- **WORK INSTRUCTION**
When you reach the line containing "Used 2019 Chevrolet", begin reproducing the lines exactly and continue through the end of the listing, leaving out the pictures.

- **COLLECTED MATERIAL**
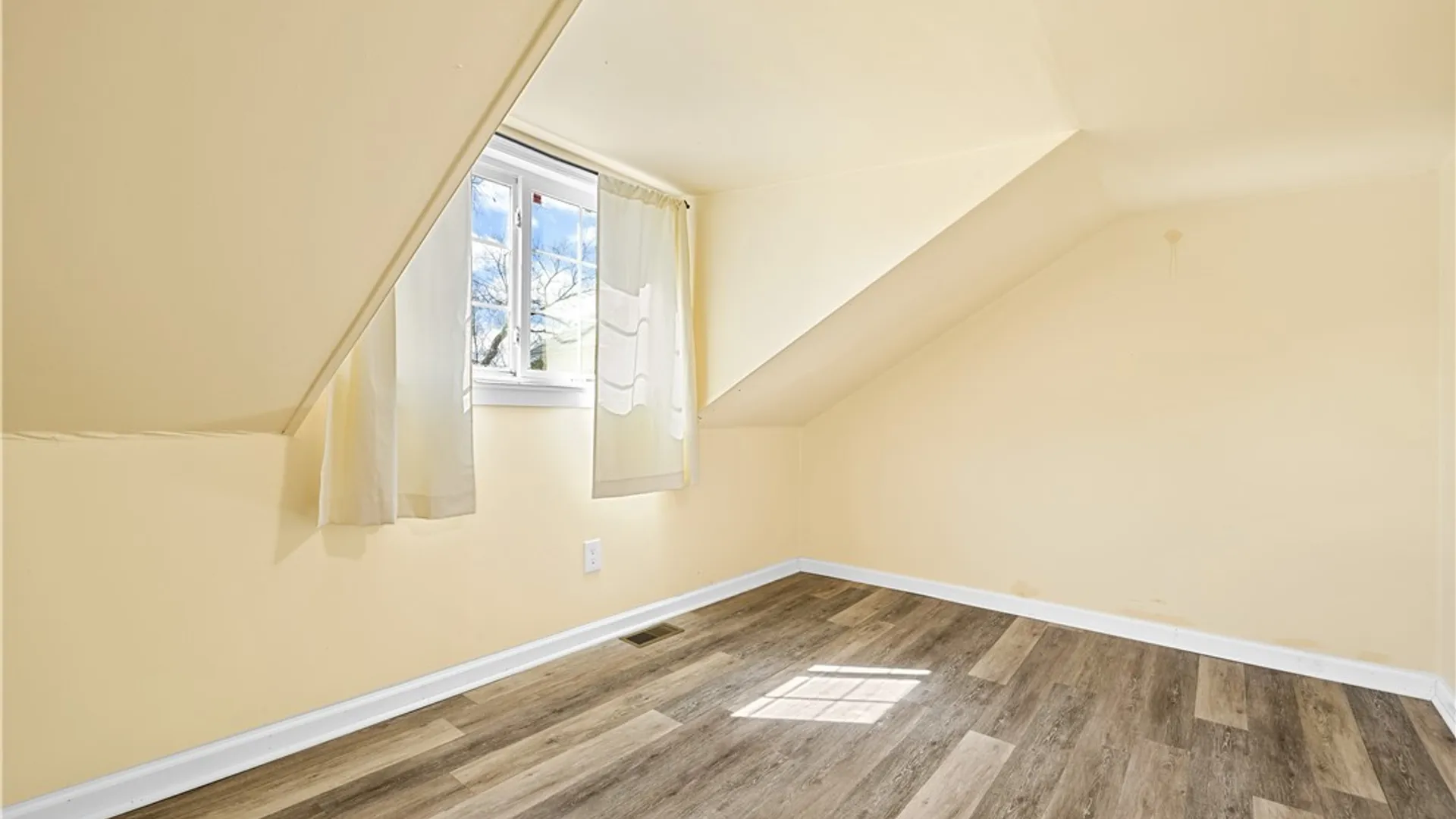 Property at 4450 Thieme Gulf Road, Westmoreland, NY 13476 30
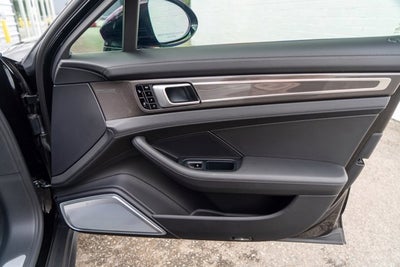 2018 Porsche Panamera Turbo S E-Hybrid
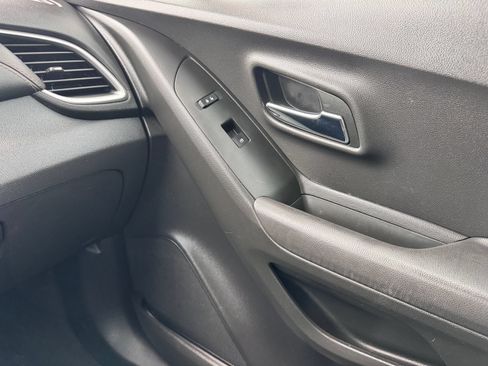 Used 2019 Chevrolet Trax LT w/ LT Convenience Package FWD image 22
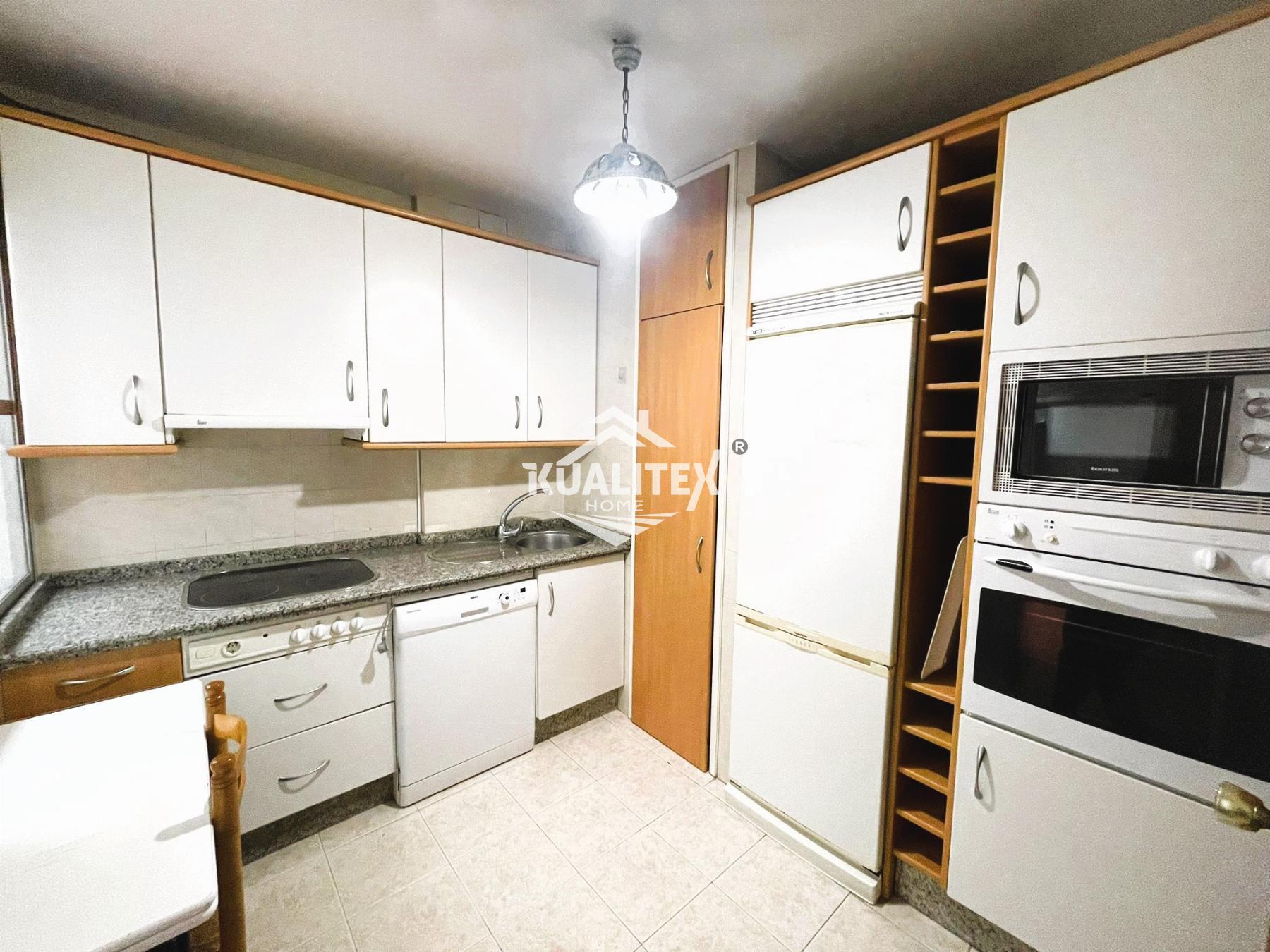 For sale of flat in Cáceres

- **ANSWER FOR THE TASK**
 Used 2019 Chevrolet Trax LT w/ LT Convenience Package FWD image 22
 For sale of flat in Cáceres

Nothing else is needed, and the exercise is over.